My wife has been telling me for years about a woman who lives on a double lot near us and sells vegetables.
Aside from the fact that she grows the best tomatoes and sweet corn on the planet, she also doesn’t charge much at all for her produce. Too, she bottles tomatoes, apple sauce, and homemade salsa and pesto. Her daughter-in-law helps with the production required, amounting to hundreds of bottles during the high season. Together they make apple crisp, German chocolate cake, and other pastries—but only if you’re lucky enough to be there when they’re for sale.
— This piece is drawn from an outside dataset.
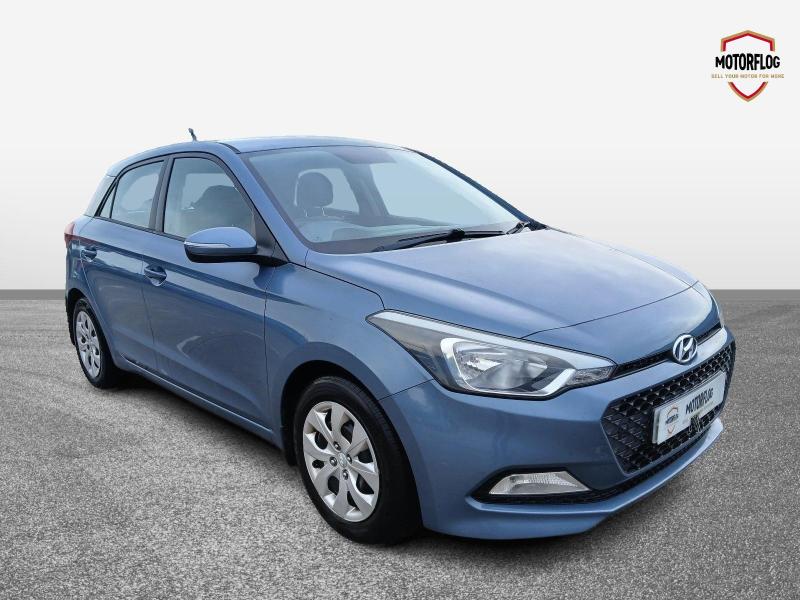 2015 HYUNDAI I20 MPI S BLUEDRIVE 1248cc PETROL MANUAL 5 DOOR HATCHBACK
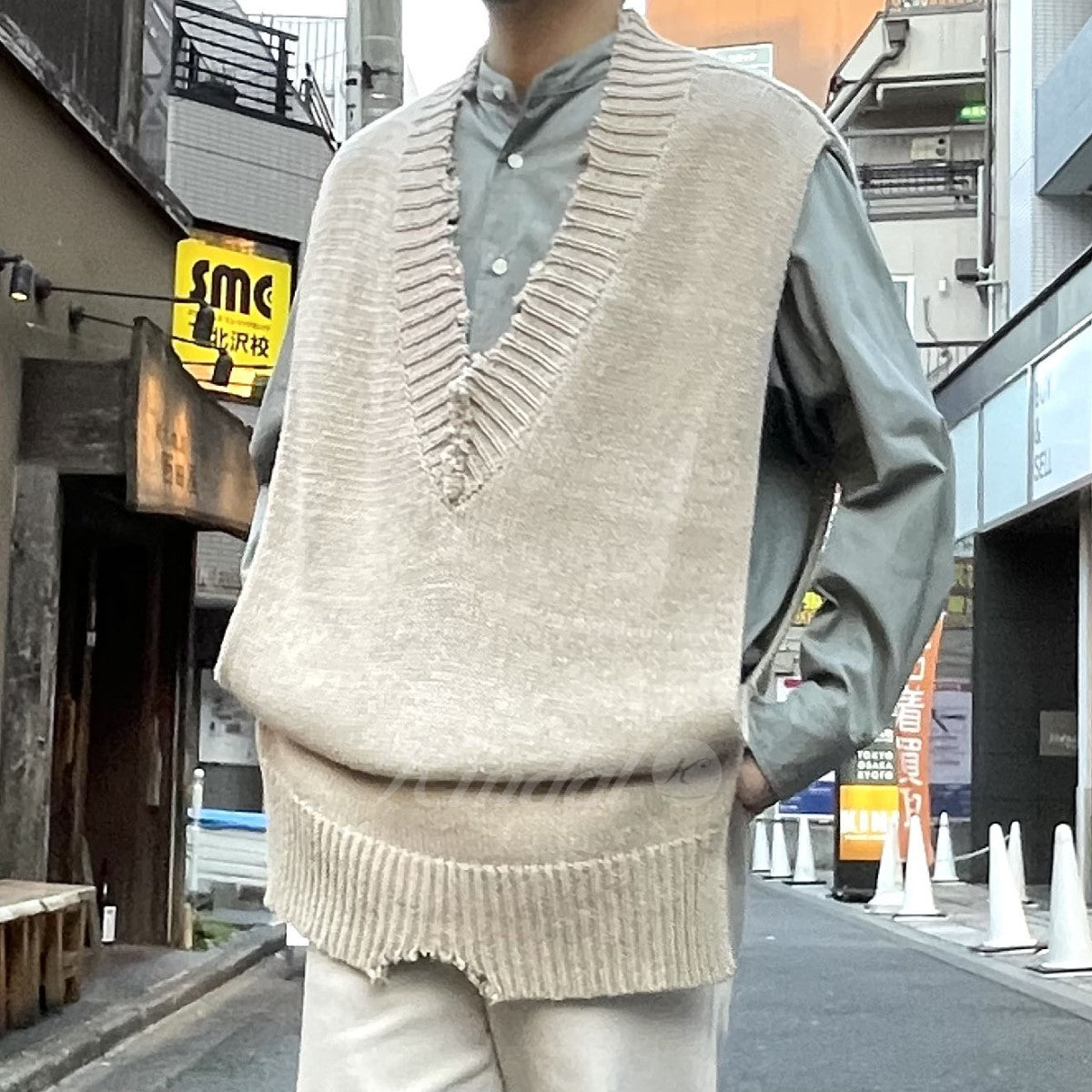Maison Margiela10(メゾンマルジェラ10) 22SSコットンセルロースヘンプ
There’s no cash register at Betty’s, only a cash box sitting on the counter in her garage next to the carrots. That’s where you pay. You see, she’s not outside all the time, so she puts a price on each vegetable picked that day. You simply put the money in the cash box and take change if you don’t have the exact amount. As her son says, “Between people taking too much or too little, it probably all evens itself out.”
Has she been filched a few times? “Oh yes”, she says, “but they probably needed it more than I did. People have to feed their families, you know.”
We visited her oasis over the weekend. Time’s running short as the winds start to blow a little colder, and the ground will be bitten by frost one of these nights.
We drove up to a group of swarthy young lads pushing apples into a grinder of some sort. There was Betty, her daughter-in-law, and three sons mushing apples for crisp, a new concoction the daughter urged us to try. Characteristically, she handed over a whole tin to take home and sample. We asked how much? She said, “You’ll be my guinea pigs, let me know what you think.” I can tell you it was delicious-o.
Betty grows a ton of vegetables in her garden, certainly enough to keep the surrounding neighborhoods fed. She also has an area for some kids who tend to their little patch of heaven. These are special-needs kids, and the lessons are priceless, I assume.
Being a business person, I thought the world needs this food—and if people knew who and where it came from they’d buy it, à la the old days when everyone grew their own and jammed it in Mason jars for the winter. Yes, it’s great organic business.
But then why ruin a good and wholesome thing by trying to monetize it?